J. Martin Lastner, a Rouse vice president and general manager of Harborplace, said the company "has been targeting this space for a new operation for two years now." He said the Indian restaurant "has been lacking in productivity for quite some time."
He said Rouse had not yet decided whether the second-floor space in the Pratt Street pavilion would be filled by a new restaurant or by retail operations.
According to a federal tax lien filed in Baltimore Circuit Court in July, Tandoor owed the federal government $28,724 in withholding and Social Security taxes at that time. The restaurant was slapped with a state tax lien of $8,368 in August.
Co-owner Mona Katyal said Tandoor's tax problems were "being taken care of." She said Tandoor, which has six locations in the Washington area, is seeking a new location along Charles Street but has not signed a lease.
She said Tandoor had requested an extension of its lease but that Rouse had turned it down.
Pizzeria, comptroller discuss unpaid taxes
DeNittis Restaurant and Pizzeria, a longtime pillar of the Little Italy culinary scene, came very close to losing its liquor license last month because it had fallen behind on its state sales and withholding tax payments.
The state comptroller filed a lien against the restaurant in Baltimore Circuit Court on July 6 claiming the business owed $51,512. Early last month, the court granted a writ for the city sheriff's office to seize the license, but the comptroller's office put the matter on hold before the papers could be served, said Deputy Perry Campbell.
There is no record of payment or further action in court records, so the matter is apparently under discussion between the comptroller's office and DeNittis. Blaise J. DeNittis, the restaurant's owner, said Thursday that "we're going to have it resolved within the next couple of days."
Second Zyzyx! store to open in Bethesda
The last entry in the Baltimore phone book is about to become the closing line in the directory for Maryland's Washington suburbs.
Zyzyx!, which sells an eclectic array of decorative crafts and jewelry out of its striking Pikesville store, will open a second store in Bethesda's Wildwood Shopping Center on Oct. 30.
Hilly and Hazel Greenstein opened the first Zyzyx! in April 1991 in the Festival at Woodholme shopping center.
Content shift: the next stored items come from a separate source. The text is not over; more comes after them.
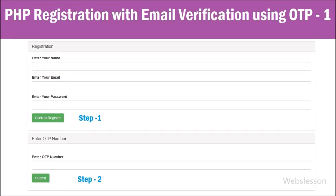Hello friends, in this video tutorial we will make a PHP registration system with email verification feature by using one-time password.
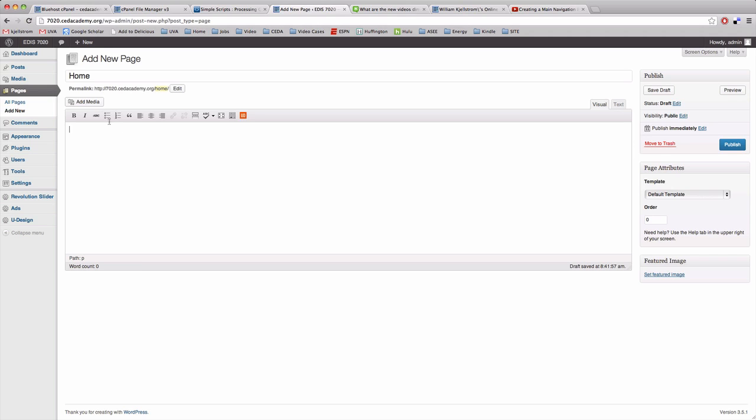You'll notice once I click in the editing area my web address automatically comes up and because there's no words between the web address right here and home that means it's a top level page.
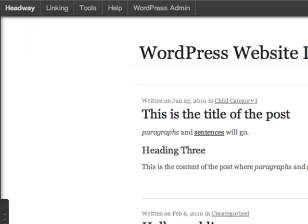The latest version of Headway allows you to style hover over effects on links, basically almost any link within your website.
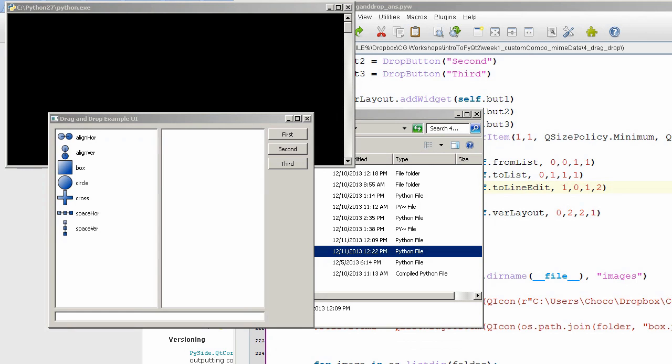What we have starting off is a list widget over here with some icons. These are icons that I'm making for an example UI later, but I just repurposed them for this.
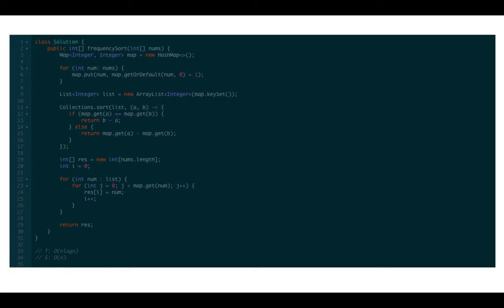Let's work through the code. We initialized a hash map to record the frequencies of numbers from the array. The numbers are keys and the frequencies are values. We then initialized a list with the map keys. We sort the keys in decreasing order if they have the same frequency, else we sort the keys in increasing order based on the frequency.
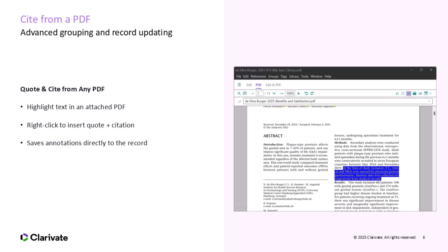Have you ever been reading a PDF, found the perfect quote, and thought I'll cite this later, only to forget where it came from? With cite from a PDF, that's no longer a problem. You can now highlight text inside any attached PDF, right-click, and instantly insert both the quote and the citation into your Word doc. The quote gets saved into the record as an annotation and is searchable later. This keeps your research and your writing in sync, literally.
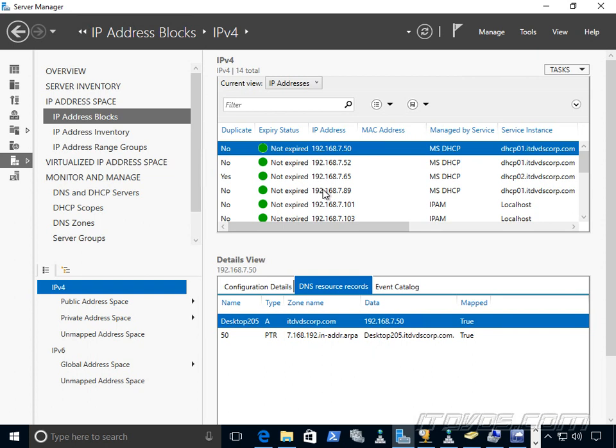It also doesn't scour the network to see what IP addresses are used. There's probably IP addresses out on my network that are currently in use, but IPAM thinks they're not in use. So it's still our responsibility as administrators when we need to use IP addresses to go to IPAM to get that IP address. Certainly somebody could still go over, assign a server an IP address, and IPAM wouldn't know about it.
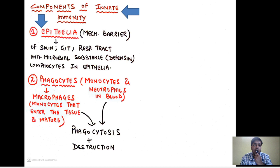The first component is the epithelia. Our body is lined by epithelial tissue — especially the skin, GIT, and respiratory tract — and they form a mechanical or physical barrier, physically preventing entry of any organism. Secondly, they liberate certain antimicrobial substances called defensins. Thirdly, the epithelial tissue contains certain lymphocytes providing a first line of defense against organisms. Secondly, we have phagocytes: monocytes and neutrophils in the blood, and when monocytes enter tissue and mature they become macrophages, whose function is phagocytosis and destruction of microbicidal or destructive agents.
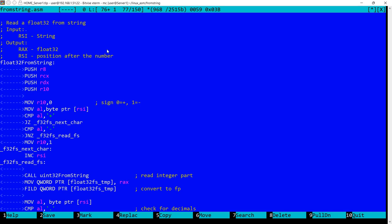Today I'm going to explain how to read a floating point 32 number from a string representation. So imagine you have a string containing something like 10.012 and you want to read this and convert it into a floating point 32 number.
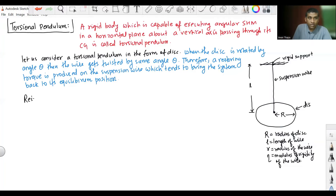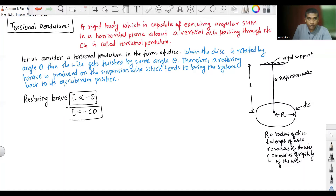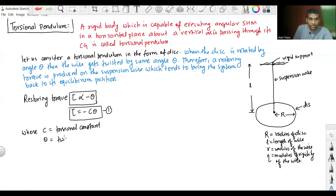We can write the restoring torque: tau is proportional to minus theta, where theta is the angle of twist. So we can write tau equals minus C·theta. This is equation 1, where C is the constant of proportionality called the torsional constant, and theta is the twist produced in the wire.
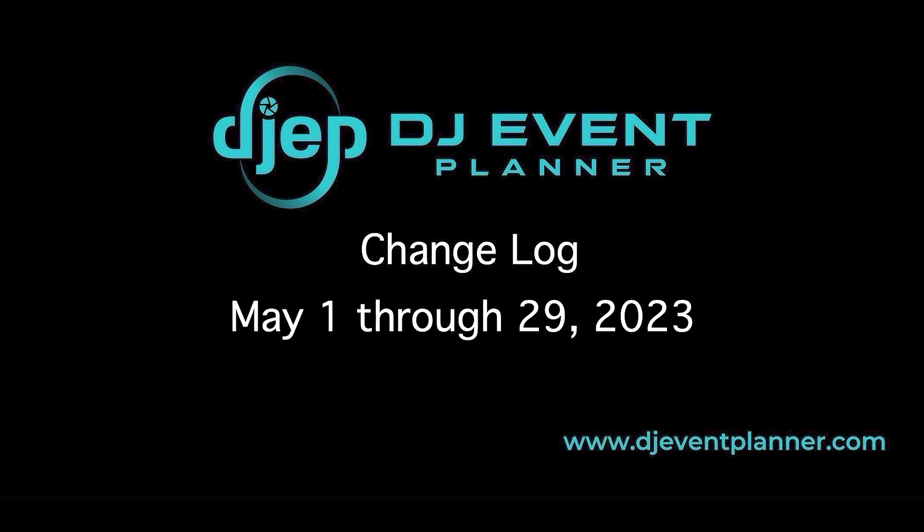Hi there, everyone. This is Melissa from DJ Event Planner, and today we're covering the changelog topics from May 1st to May 29th, 2023.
It was a miserable time to launch a retail business, but the store's imaginative product mix -- with a heavy but not exclusive emphasis on handcrafted Judaica -- has apparently caught on.
Hechinger to stock Duron line of paints
Duron Inc., which has long sold its paints only through company-affiliated stores, is stripping off a coat of tradition and going into Hechinger Co. stores.
The exclusive deal will put the Beltsville-based paint manufacturer's products in the 78 stores in the Landover-based retail chain's Hechinger division, which includes its new-format Home Project Centers. For now, the agreement does not cover Hechinger's Home Quarters division.
Thomas Schwartzbeck, Duron's vice president for sales action, said the paints to be sold in Hechinger stores under the Duron Performance label will be a special formulation for the do-it-yourself market.
He said Hechinger will bring new business to Duron because it attracts do-it-yourself customers who normally don't shop in Duron stores, which cater to professional painters and builders. He noted that Hechinger stores are open Sundays and keep longer hours than Duron stores, which typically close at 5 p.m. weekdays and earlier on Saturdays.
2 clothing stores replace Hamburgers
When the downtown Hamburgers store closes Oct. 15 after one of the world's longest going-out-of-business sales, it won't be vacant long -- if at all.
On the top level, which spans Fayette Street, the letters H-A-M-B-U-R-G-E-R-S will come down to make way for a new tenant: Gentleman Jack's Wholesale Club. Downstairs, Dress Barn won't even wait for Hamburgers to fully vacate the premises. Its grand opening is set for Oct. 14.
Gentleman Jack's, set to open in November, is a new venture launched by International Fashions Apparel Corp., the Hugo Boss AG subsidiary that pulled the plug on Hamburgers. The new store will offer men's clothing at 30 percent to 50 percent discounts to anyone willing to pony up a $25 annual membership fee.
The two other remaining Hamburgers locations, at Hunt Valley Mall and Marley Station Mall, will also be converted to Gentleman Jack's outlets.
For Hugo Boss, remaining at the two malls -- both considered among the less crowded regional centers -- is a case of taking lemons and making lemonade. David Golden, executive vice president of International Fashions Apparel, said those are the two locations where the company has been unable to negotiate its way out of its leases.
Gentleman Jack's will largely carry tailored clothing from Hugo Boss-owned Joseph & Feiss, as well as sportswear and accessories from other manufacturers. If the Gentleman Jack's concept proves successful, "we may expand it to other areas and participate with certain other manufacturers," Mr. Golden said.